**Your task**.
No pictures belong in the copy. Retype exactly, and only, the stretch of lines below from the one with "Antique Grandfather Clock" through the one with "Biểu tượng Rosneft".

___ Entries supplied

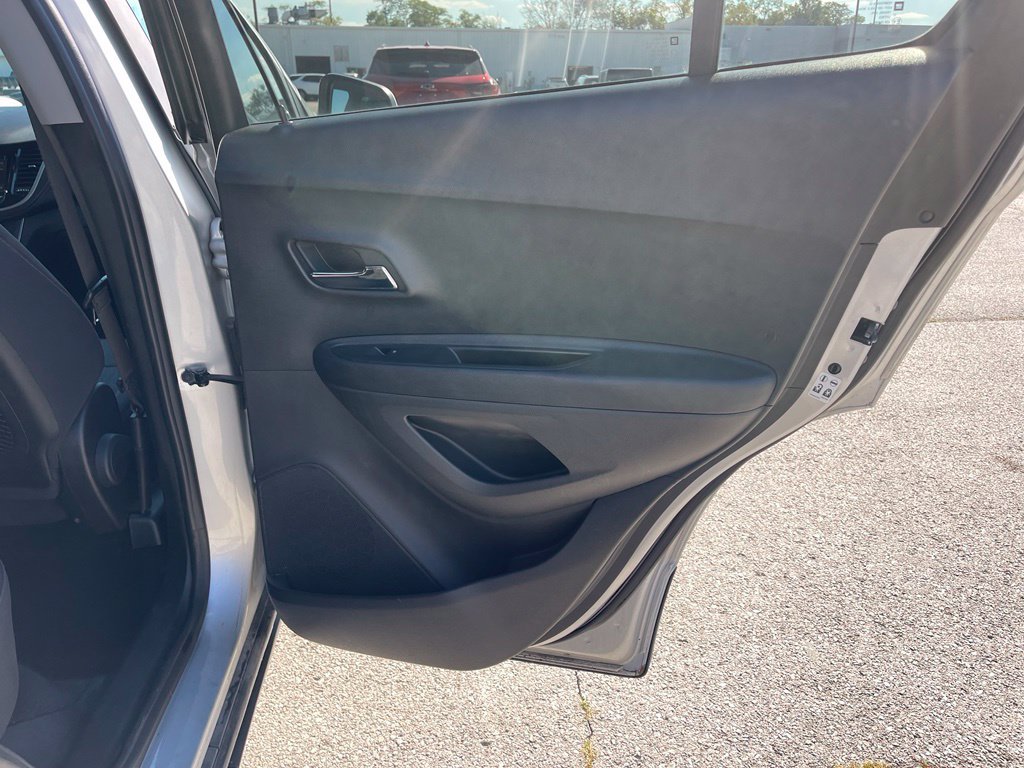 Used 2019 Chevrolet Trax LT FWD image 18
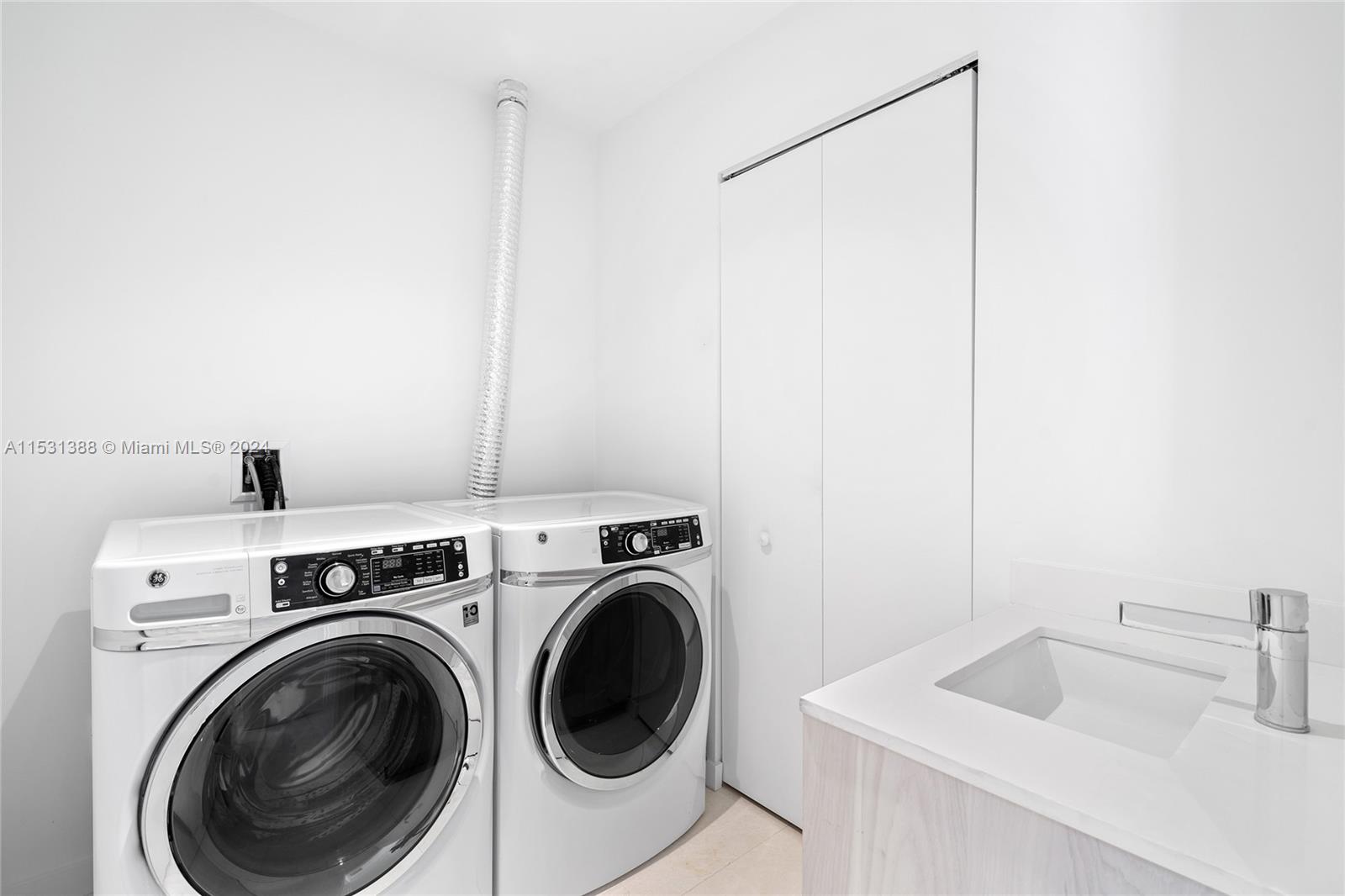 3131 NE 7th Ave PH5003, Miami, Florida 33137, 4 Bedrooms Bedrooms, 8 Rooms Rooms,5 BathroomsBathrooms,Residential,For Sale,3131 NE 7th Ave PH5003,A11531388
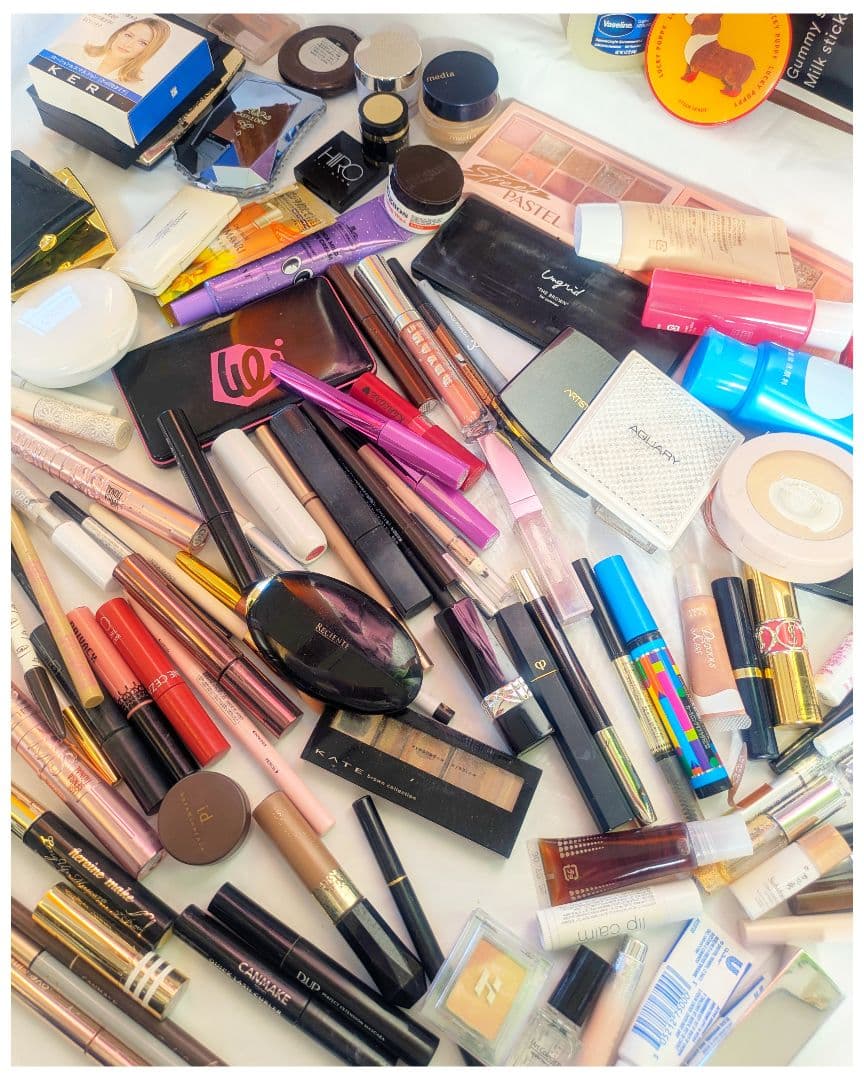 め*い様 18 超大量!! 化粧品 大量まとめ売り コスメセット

______
___ Entries supplied

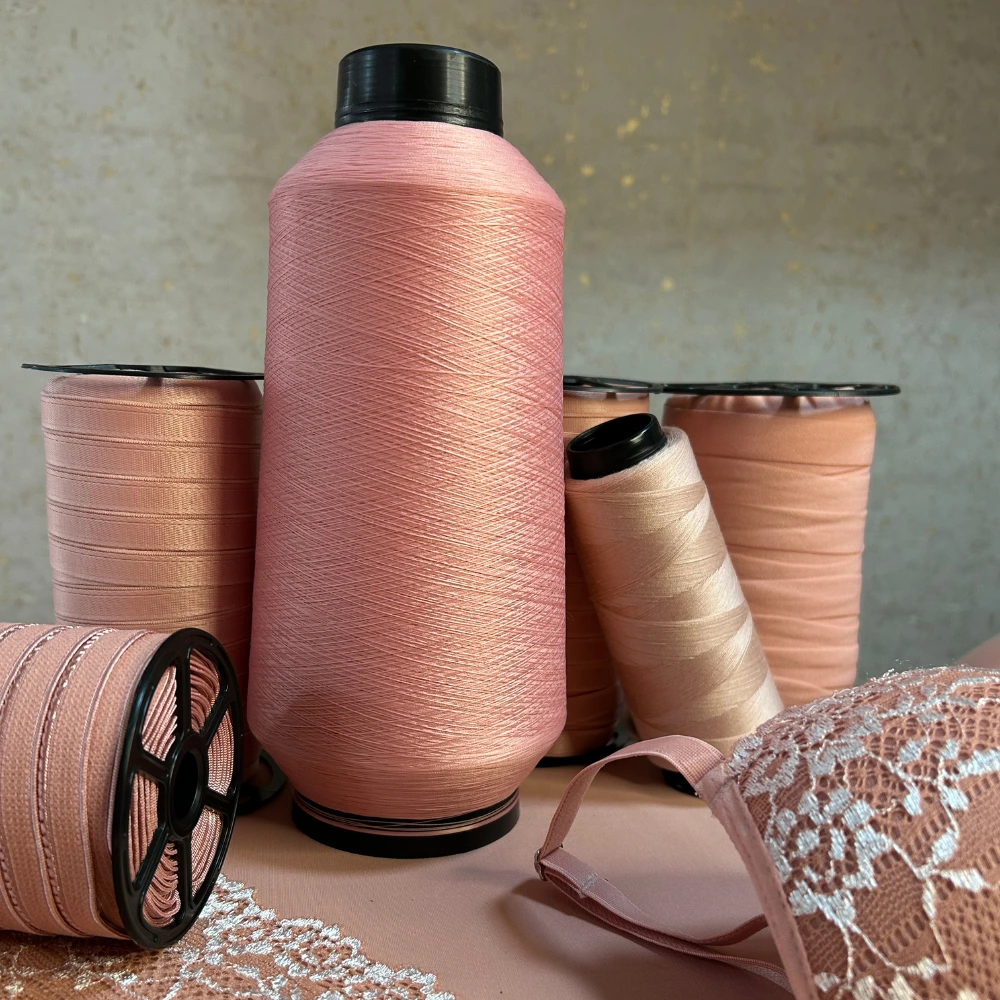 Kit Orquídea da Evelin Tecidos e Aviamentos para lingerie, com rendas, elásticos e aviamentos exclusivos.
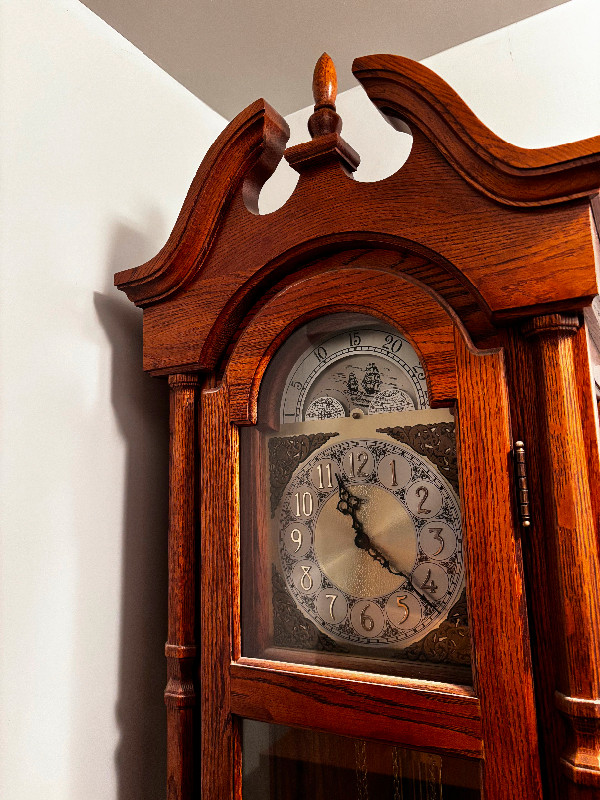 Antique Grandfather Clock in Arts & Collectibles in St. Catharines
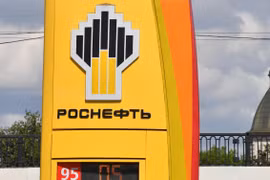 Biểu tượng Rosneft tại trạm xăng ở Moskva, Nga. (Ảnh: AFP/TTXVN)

______

**Your response**.
 Antique Grandfather Clock in Arts & Collectibles in St. Catharines
 Biểu tượng Rosneft tại trạm xăng ở Moskva, Nga. (Ảnh: AFP/TTXVN)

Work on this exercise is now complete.